I am working on a Number Theory book and I have come across the following problem:

(Underwood Dudley 2nd Edition Section 5 Problem 3):

Solve the system:

x $\equiv 3(mod 5)$

x $\equiv 5(mod7)$

x $\equiv 7(mod11)$

I understand that I must use the Chinese Remainder theorem and I understand that the CRT states that if the GCD of these three numbers there exists a unique solution (mod 385), but my book gives me no instruction on how to go about finding this solution--other than cold hard calculation. Could I have some advice or direction on the method to solving this problem and the idea behind the method? Thank you!

Answer 1

Here's a method, sometimes called 'adding the modulus', that works fairly well for small moduli--I'll apply it to your problem:

Start with the congruence of the largest modulus, and as we go through each step, we watch for a number that satisfies any of the remaining congruences.:

$\pmod{11}: x\equiv 7\equiv 18$. We notice that $18$ also satisfies $x\equiv 3\pmod{5}$.

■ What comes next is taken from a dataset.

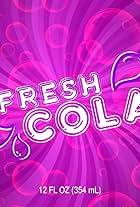 Fresh Cola (2020)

So $x\equiv 18 \pmod{55}$.

Then $\pmod{55}: x\equiv 18\equiv 73\equiv 128\equiv 183\equiv 238\equiv 293\equiv348 $. Here we notice that $348$ also satisfies $x\equiv 5\pmod{7}$.

Thus our solution is $x\equiv 348\pmod{385}$

Answer 2

Since $x\equiv -2$ both $\pmod5$ and $\pmod7$, it must be congruent to $-2\equiv 33 \pmod{35}$.

Since $x+2\equiv 0\pmod{35}$, and $x+2\equiv 9\pmod{11}$, we want to know what $n$ makes $35n\equiv 2n\equiv 9\pmod{11}$. We see that $n=10$ does the trick.

So the answer is $x\equiv 35\cdot10 -2 = 348\pmod{385}$.

Answer 3

Let $(a_1, a_2, a_3) = (3, 5, 7)$ and let $(n_1, n_2, n_3) = (5, 7, 11)$ and let: $$ x = c_1a_1 + c_2a_2 + c_3a_3 $$ We want to solve for the coefficients $c_i$ so that they have the following special property: $$ c_i \equiv \begin{cases} 1 \pmod {n_j} &\text{if } j = i \\ 0 \pmod {n_j} &\text{if } j \neq i \\ \end{cases} $$ If we can do this, then $x$ will automatically satisfy the system of congruences! For example, $x \equiv 5 \pmod 7$ because: \begin{align*} x &= 3c_1 + 5c_2 + 7c_3 \\ &\equiv 3(0) + 5(1) + 7(0) \pmod 7 \\ &\equiv 5 \pmod 7 \end{align*} So it remains to find these magical coefficients. I'll show you how to get $c_2$.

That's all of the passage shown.